OTTAWA - The Tragically Hip’s Gord Downie can always be counted on to do something bizarre and entertaining to crank up an audience.

Saturday night at the National Arts Centre — the first of three sold-out nights — Downie was at his eccentric best, taking what would have been a terrific concert on its own and transformed it into demented, deconstructed theatre.

Little wonder the capital just can’t get enough of the boys from Kingston — Gord Downie, Paul Langlois, Rob Baker, Gord Sinclair and Johnny Fay. The lobby was positively buzzing, even during a half-hour delay, thanks to technical gremlins.

By the time the band assembled on the Southam Hall stage, all 2,200 fans were already on their feet for a nasty version of New Orleans is Sinking — a song they recently resurrected after Hurricane Katrina — and The Depression Suite from their new album We Are The Same.

Divided into two hour-long sets, the band covered about eight tunes in the first half including Twist My Arm, Puttin’ Down, Morning Moon, Ahead By a Century and Courage — surely a song they should have worn out by now except that it still rallies the troops, and it didn’t hurt that Downie ran out into the audience, thrusting his microphone into faces and ordering them to sing.

Back on the stage, he embarked into one of those delirious, delicious rants. “You in the cheap seats, break down the fourth wall.” and “Let’s do more.” But when no one joined in the cheer, he changed it to “Am I yelling to myself?”

“Chivalry is dead,” he announced after the sweat-soaked handkerchief he was handing to a lady up front was snatched away by a guy. “Women don’t want chivalry, they want someone to bring in the groceries.”

Then it was on to a long jam of 100th Meridian before closing out the first half with a fist-pounding new single Love is a First.

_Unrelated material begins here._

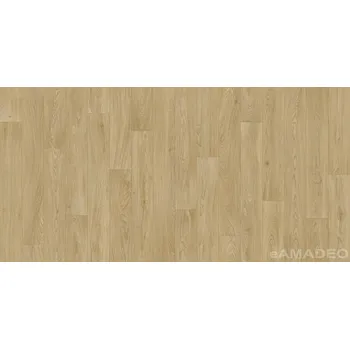 pvc podlaha Beauflor - Belgie PVC podlaha Sonipro Summer oak 633M - 4m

Even when he was still, Downie lent the stage a kind of intense stage presence rarely seen outside of theatre, with a cast of characters including a jittery Elvis, a third-rate lounge singer, or raving lunatic yelling something incomprehensible except that it made sense at the moment.

All these antics didn’t overshadow Downie’s high-octane vocals, but added a layer of spontaneous, nervous energy to the performance.

Meanwhile, the band played on as if this Tourette’s-like behaviour was completely normal.

Come to think of it, with the NAC stage done up like a Vegas strip club with sexy coloured lights on the band and lots of stars shining behind them, he might well have been channeling Sammy Davis Jr.

This was Downie at his manic best.

The Tragically Hip perform at the NAC again Sunday and Monday.